What is being asked -
Extract from the entries below, exactly as given, only the lines from the line containing "can use your" to the line containing "5)Now back to movie spin", both lines included.

Data -
───
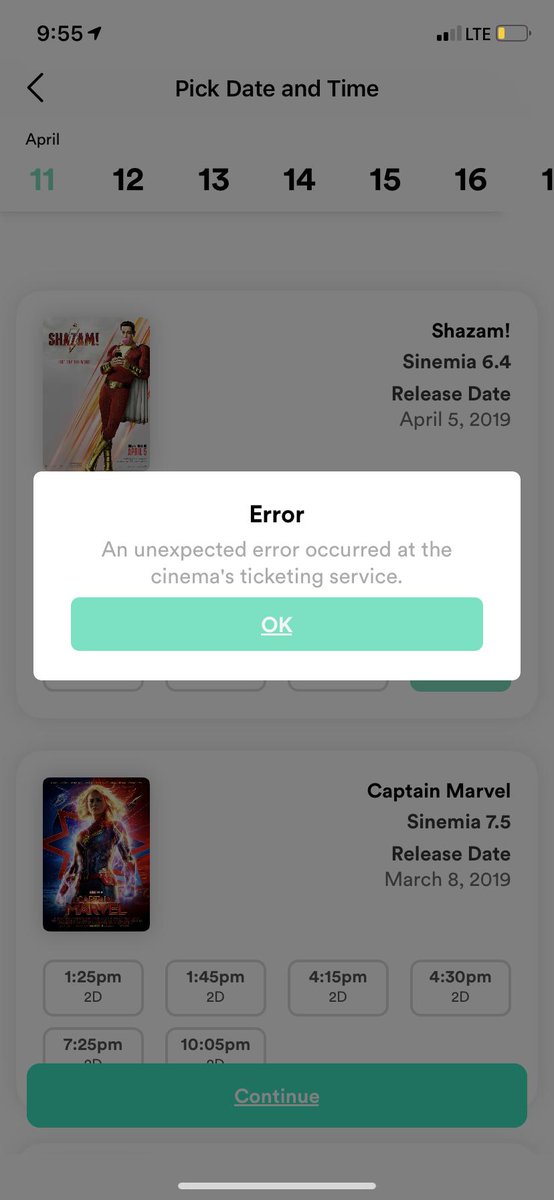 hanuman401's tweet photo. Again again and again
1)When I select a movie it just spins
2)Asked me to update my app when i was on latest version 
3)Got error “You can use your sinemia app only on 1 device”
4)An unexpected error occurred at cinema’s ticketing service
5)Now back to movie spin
───
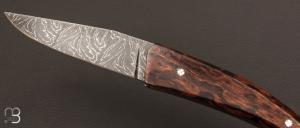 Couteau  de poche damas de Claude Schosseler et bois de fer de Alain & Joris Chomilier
───
Expected answer -
3)Got error “You can use your sinemia app only on 1 device”
4)An unexpected error occurred at cinema’s ticketing service
5)Now back to movie spin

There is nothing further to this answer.